* [SOURCE MATERIAL]
######

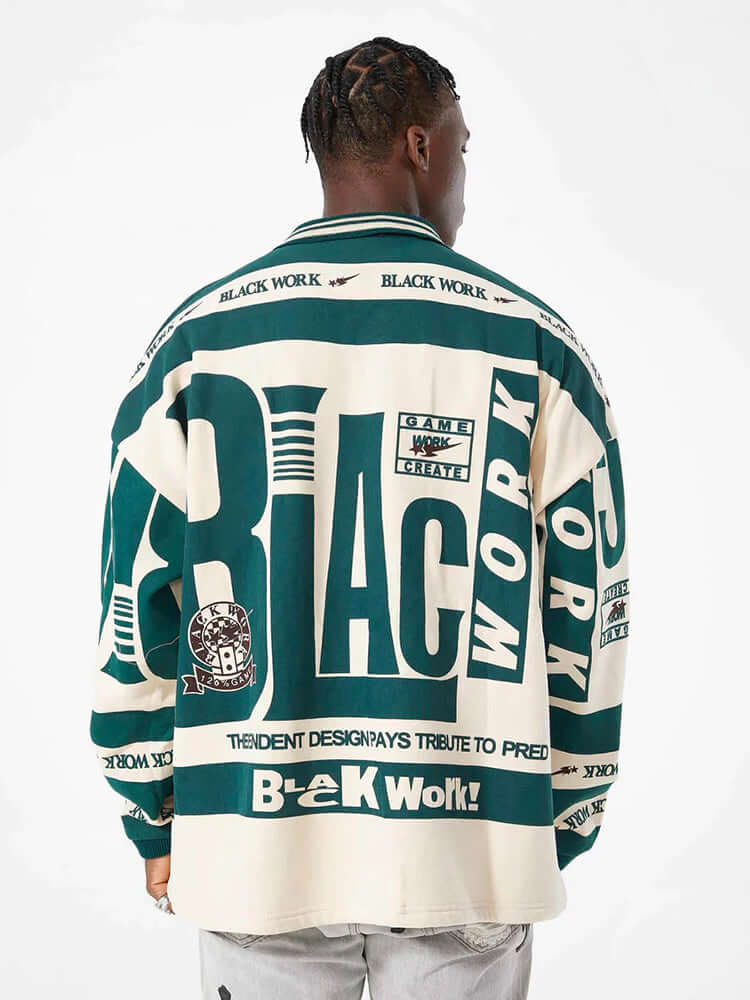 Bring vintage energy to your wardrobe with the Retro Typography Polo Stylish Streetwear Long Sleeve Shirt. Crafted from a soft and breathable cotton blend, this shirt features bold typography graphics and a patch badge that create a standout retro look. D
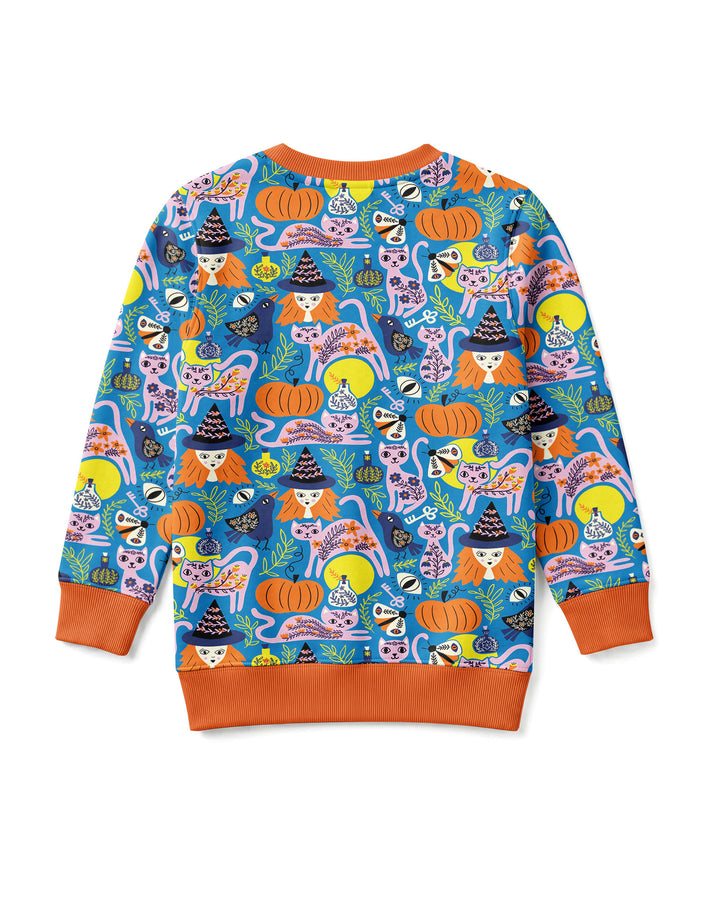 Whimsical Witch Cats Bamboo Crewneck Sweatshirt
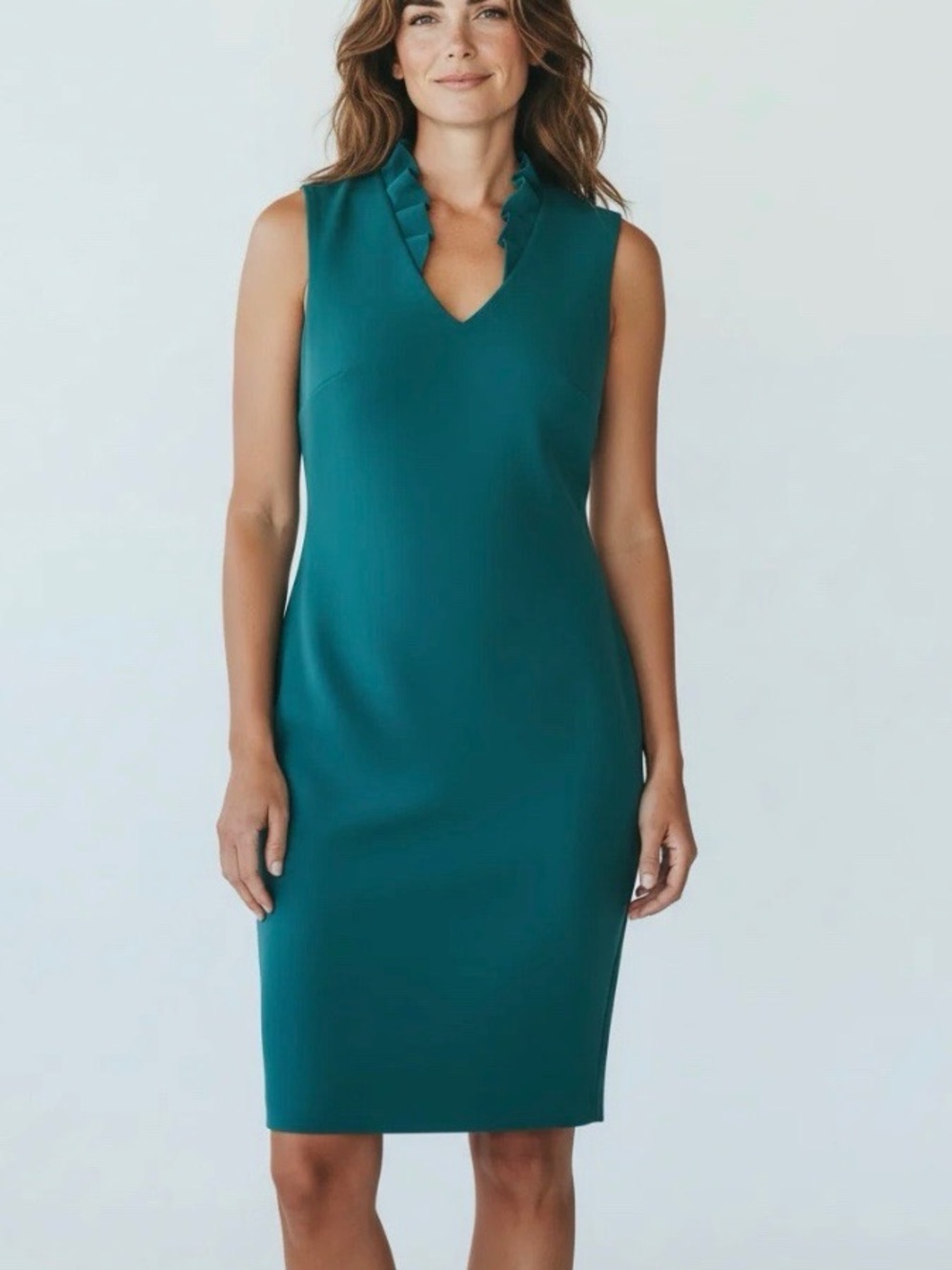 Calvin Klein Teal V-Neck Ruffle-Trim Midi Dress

######

* [TASK PROMPT] Go through the listing above and write it out again exactly, dropping the pictures.

* [OUTPUT BELOW]
 Bring vintage energy to your wardrobe with the Retro Typography Polo Stylish Streetwear Long Sleeve Shirt. Crafted from a soft and breathable cotton blend, this shirt features bold typography graphics and a patch badge that create a standout retro look. D
 Whimsical Witch Cats Bamboo Crewneck Sweatshirt
 Calvin Klein Teal V-Neck Ruffle-Trim Midi Dress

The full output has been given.